WORK ITEM — Would you retype the listing below exactly as given?

DATASET RECORDS —
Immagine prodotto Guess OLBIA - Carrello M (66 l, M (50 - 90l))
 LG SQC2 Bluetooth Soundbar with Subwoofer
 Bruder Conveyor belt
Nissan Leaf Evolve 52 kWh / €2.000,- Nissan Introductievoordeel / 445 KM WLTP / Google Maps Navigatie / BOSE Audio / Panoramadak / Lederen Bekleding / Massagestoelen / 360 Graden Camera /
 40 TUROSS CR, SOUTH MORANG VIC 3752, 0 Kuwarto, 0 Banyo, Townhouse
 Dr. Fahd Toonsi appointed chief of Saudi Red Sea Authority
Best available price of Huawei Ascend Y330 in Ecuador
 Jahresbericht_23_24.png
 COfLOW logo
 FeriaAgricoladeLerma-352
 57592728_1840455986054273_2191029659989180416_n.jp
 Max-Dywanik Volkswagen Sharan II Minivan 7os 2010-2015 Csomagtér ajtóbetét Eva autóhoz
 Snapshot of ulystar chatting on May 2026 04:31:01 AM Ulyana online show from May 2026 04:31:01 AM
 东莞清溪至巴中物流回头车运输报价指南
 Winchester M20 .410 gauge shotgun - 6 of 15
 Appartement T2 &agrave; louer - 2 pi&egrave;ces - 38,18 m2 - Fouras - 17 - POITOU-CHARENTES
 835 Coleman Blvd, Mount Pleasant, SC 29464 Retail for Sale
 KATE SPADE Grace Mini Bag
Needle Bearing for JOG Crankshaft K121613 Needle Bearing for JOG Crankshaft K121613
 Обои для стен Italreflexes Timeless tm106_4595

REPLY —
Immagine prodotto Guess OLBIA - Carrello M (66 l, M (50 - 90l))
 LG SQC2 Bluetooth Soundbar with Subwoofer
 Bruder Conveyor belt
Nissan Leaf Evolve 52 kWh / €2.000,- Nissan Introductievoordeel / 445 KM WLTP / Google Maps Navigatie / BOSE Audio / Panoramadak / Lederen Bekleding / Massagestoelen / 360 Graden Camera /
 40 TUROSS CR, SOUTH MORANG VIC 3752, 0 Kuwarto, 0 Banyo, Townhouse
 Dr. Fahd Toonsi appointed chief of Saudi Red Sea Authority
Best available price of Huawei Ascend Y330 in Ecuador
 Jahresbericht_23_24.png
 COfLOW logo
 FeriaAgricoladeLerma-352
 57592728_1840455986054273_2191029659989180416_n.jp
 Max-Dywanik Volkswagen Sharan II Minivan 7os 2010-2015 Csomagtér ajtóbetét Eva autóhoz
 Snapshot of ulystar chatting on May 2026 04:31:01 AM Ulyana online show from May 2026 04:31:01 AM
 东莞清溪至巴中物流回头车运输报价指南
 Winchester M20 .410 gauge shotgun - 6 of 15
 Appartement T2 &agrave; louer - 2 pi&egrave;ces - 38,18 m2 - Fouras - 17 - POITOU-CHARENTES
 835 Coleman Blvd, Mount Pleasant, SC 29464 Retail for Sale
 KATE SPADE Grace Mini Bag
Needle Bearing for JOG Crankshaft K121613 Needle Bearing for JOG Crankshaft K121613
 Обои для стен Italreflexes Timeless tm106_4595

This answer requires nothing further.